Чтение онлайн

ЖАНРЫ

Сталин. Биография в документах (1878 – март 1917). Часть II: лето 1907 – март 1917 года
Шрифт:

На собраниях слушавших Кобу бакинских партийцев резолюция о роспуске боевых дружин и запрещении «партизанских действий» (которые в Баку без обиняков именовали «террором»), как и следовало ожидать, была встречена с недоумением. Решения, правомерные и понятные для других частей империи, в Баку при существовавшем там уровне насилия выглядели иначе. В городе, где армяне и мусульмане взаимно опасались ходить в чужие кварталы, а полицейских филеров убивали как опасных чужаков, где нефтепромышленники и инженеры не появлялись без телохранителей из местных головорезов, рабочие для безопасности по вечерам возвращались с нефтепромыслов в город только гурьбой, а по утрам на дорогах то и дело находили тела припозднившихся путников, где население было поголовно вооружено, – в таком городе идея о роспуске боевой дружины вряд ли могла показаться разумной. Не были готовы бакинские социал-демократы и к отказу от террористических актов, то есть убийств. Настроения рабочих в этом плане были даже еще более решительными, чем у революционеров [18] . В феврале 1907 г. С. Спандарян поместил в газете «Орер» («Дни») статью «Организация или грубая сила?», направленную против того, что тогда называли «экономическим террором», то есть убийств хозяев, управляющих заводов, инженеров и других служащих. Само по себе появление статьи указывает на актуальность проблемы. «За последнее время в рабочих массах имеет успех проповедь грубой силы, бомбы, кинжала, так называемая проповедь действием», – писал Спандарян, убеждая читателей,

что «такая проповедь такого действия – не что иное как отрыжка мелкобуржуазной идеологии, и она очень и очень далека от подлинного пролетарского социализма» [19] . Больше года спустя И. Джугашвили написал для газеты «Гудок» статью «Экономический террор и рабочее движение» (опубликована без подписи 30 марта 1908 г.). Пафос статьи несильно отличался от написанного Спандаряном год назад: «Нет, товарищи! Нам не пристало пугать буржуазию отдельными набегами из-за угла – предоставим заниматься такими «делами» известным налетчикам. Мы должны открыто выступить против буржуазии, мы должны все время, до окончательной победы, держать ее под страхом! А для этого требуется не экономический террор, а крепкая массовая организация, могущая повести рабочих на борьбу» [20] . 15 мая 1908 г. С. Г. Шаумян в «Бакинском пролетарии» также выпустил статью со схожим названием «Классовая борьба и экономический террор», где констатировал, что «экспроприации и экономический террор обнаруживают тенденцию свить себе гнездо в рабочих массах», и уверял, что террор выгоден исключительно самодержавию и ведет к его укреплению, так как на место убитых приходят еще более реакционные деятели. «Потеряло ли что-нибудь царское правительство, когда убили Плеве? Наоборот, оно приобрело Столыпина» [21] .

18

Van Ree E. Reluctant Terrorists? Transcaukasian Social-Democracy? 1901–1909. P. 146–148.

19

Спандарян С. С. Статьи, письма, документы. М., 1982. С. 69.

20

Сталин И.В. Сочинения. Т. 2. С. 112.

21

Шаумян С. Г. Избранные произведения. Т. 1. 1902–1914 гг. М., 1978. С. 255.

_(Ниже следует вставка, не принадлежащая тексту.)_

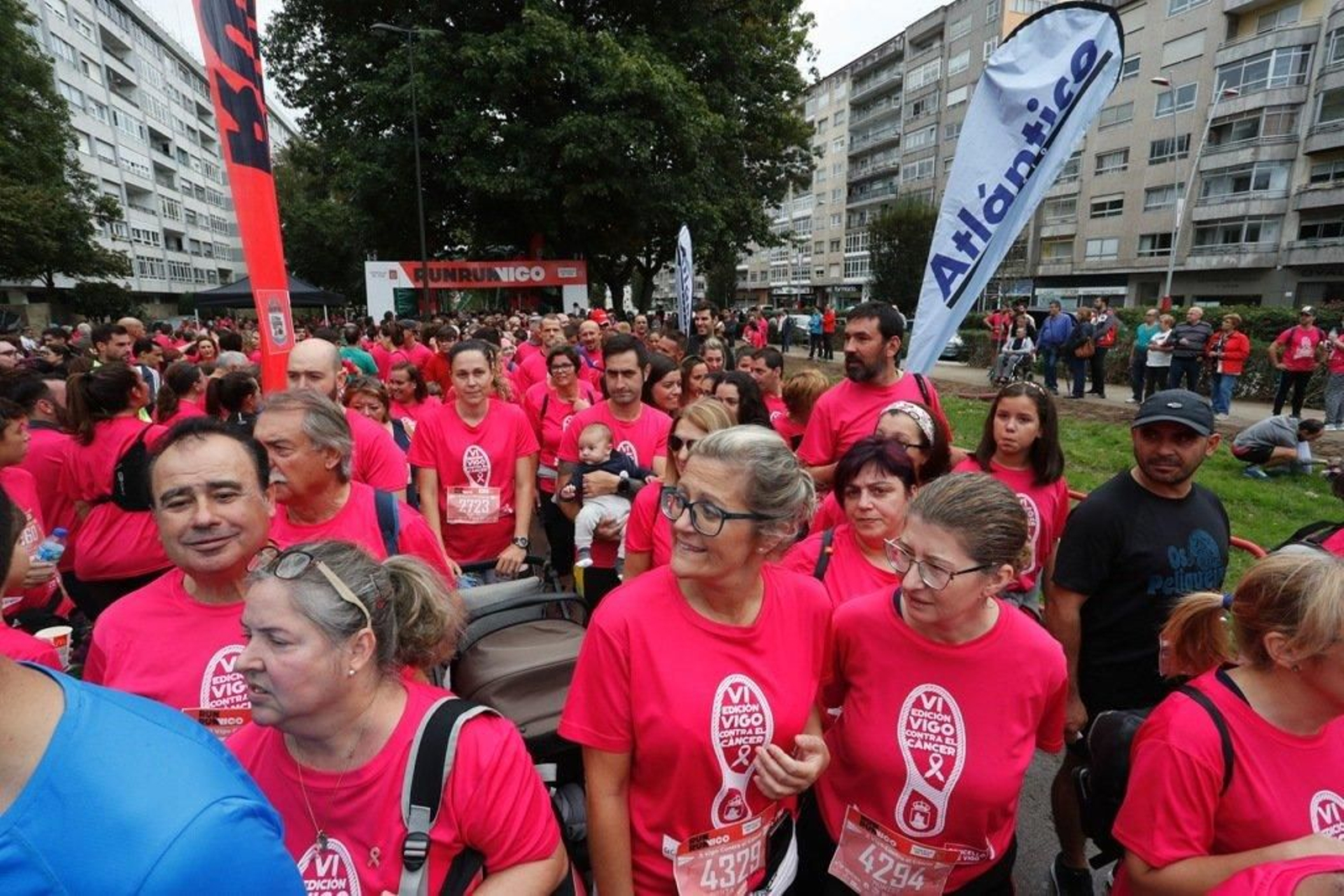 El color rosa abarrotó la Avenida de Castelao - JV Landín 180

С. Гафуров, сделав ремарку, что прежде террор допускался «только с разрешения Бакинского комитета, по отношению к тем лицам, которые […] открыто борются и душат революционное движение», рассказал о прениях по этому поводу летом 1907 г. на межрайонном рабочем собрании после сообщения Кобы о резолюции Лондонского съезда. «Товарищ Сталин, сидя не то на тумбочке среди мастерской, не то на паровом насосе, спокойно следил за ходом прений. Прения протекали бурно», большинство было за «отмену террора», но группа молодых партийцев, среди них Гафуров, не принимала этой меры. «Мы подошли к тов. Сталину и спросили: «Как же, тов. Коба, когда ни чем не стесняясь, открыто борются, душат революционное движение, как же не применять к таким лицам террор?» Товарищ Сталин нам ответил: «Ну вот, возьмем управляющего Московско-Кавказского товарищества. Он такой человек, как вы говорите, он ничем не стесняясь, душит революционное движение. Вы его уберете, а вместо него придет другой – еще хуже, этого уберете – третий придет, а таких сволочей сколько угодно. Таким путем нельзя достигнуть нашей цели освобождения рабочего класса. Единственная возможность достигнуть этого только путем организованной борьбы». И товарищ Сталин указал нам дальше, что нам нужно делать для организации рабочих. После этого мы единодушно решили отменить террор» [22] . Очень сходны воспоминания И. В. Бокова: «С нашей стороны были случаи единичных террористических актов, как в отношении нефтепромышленников, так и в отношении черной сотни, – признавал мемуарист. – Но тов. Коба нас предупредил, что мы этого делать не должны и не имеем права, ибо наша тактика исключает единичный террор, это только дает повод социалистам-революционерам разжигать больше страсти против большевиков» (см. док. 11).

22

Из воспоминаний Сибгата Гафурова, 1935 г. (РГАСПИ. Ф. 558. Оп. 4. Д. 658. Л. 129–130).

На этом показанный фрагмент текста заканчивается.